TASK BRIEF:
Every line below must be reproduced exactly. Copy them all.

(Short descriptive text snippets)

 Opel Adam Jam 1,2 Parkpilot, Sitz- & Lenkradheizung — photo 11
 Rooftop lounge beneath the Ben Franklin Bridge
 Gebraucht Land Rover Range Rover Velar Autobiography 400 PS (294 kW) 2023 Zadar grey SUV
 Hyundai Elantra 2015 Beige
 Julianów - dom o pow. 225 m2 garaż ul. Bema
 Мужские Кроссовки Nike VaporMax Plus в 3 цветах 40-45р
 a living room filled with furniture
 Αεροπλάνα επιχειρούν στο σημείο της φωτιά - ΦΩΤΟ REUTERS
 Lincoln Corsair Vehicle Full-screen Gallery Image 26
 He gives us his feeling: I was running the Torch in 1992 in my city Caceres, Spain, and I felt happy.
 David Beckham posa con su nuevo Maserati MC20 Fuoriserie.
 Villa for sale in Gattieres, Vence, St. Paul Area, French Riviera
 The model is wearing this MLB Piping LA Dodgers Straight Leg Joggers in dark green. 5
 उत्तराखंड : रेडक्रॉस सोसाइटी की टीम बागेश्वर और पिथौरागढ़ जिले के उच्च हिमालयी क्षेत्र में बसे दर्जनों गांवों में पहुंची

EXPECTED OUTPUT:
 Opel Adam Jam 1,2 Parkpilot, Sitz- & Lenkradheizung — photo 11
 Rooftop lounge beneath the Ben Franklin Bridge
 Gebraucht Land Rover Range Rover Velar Autobiography 400 PS (294 kW) 2023 Zadar grey SUV
 Hyundai Elantra 2015 Beige
 Julianów - dom o pow. 225 m2 garaż ul. Bema
 Мужские Кроссовки Nike VaporMax Plus в 3 цветах 40-45р
 a living room filled with furniture
 Αεροπλάνα επιχειρούν στο σημείο της φωτιά - ΦΩΤΟ REUTERS
 Lincoln Corsair Vehicle Full-screen Gallery Image 26
 He gives us his feeling: I was running the Torch in 1992 in my city Caceres, Spain, and I felt happy.
 David Beckham posa con su nuevo Maserati MC20 Fuoriserie.
 Villa for sale in Gattieres, Vence, St. Paul Area, French Riviera
 The model is wearing this MLB Piping LA Dodgers Straight Leg Joggers in dark green. 5
 उत्तराखंड : रेडक्रॉस सोसाइटी की टीम बागेश्वर और पिथौरागढ़ जिले के उच्च हिमालयी क्षेत्र में बसे दर्जनों गांवों में पहुंची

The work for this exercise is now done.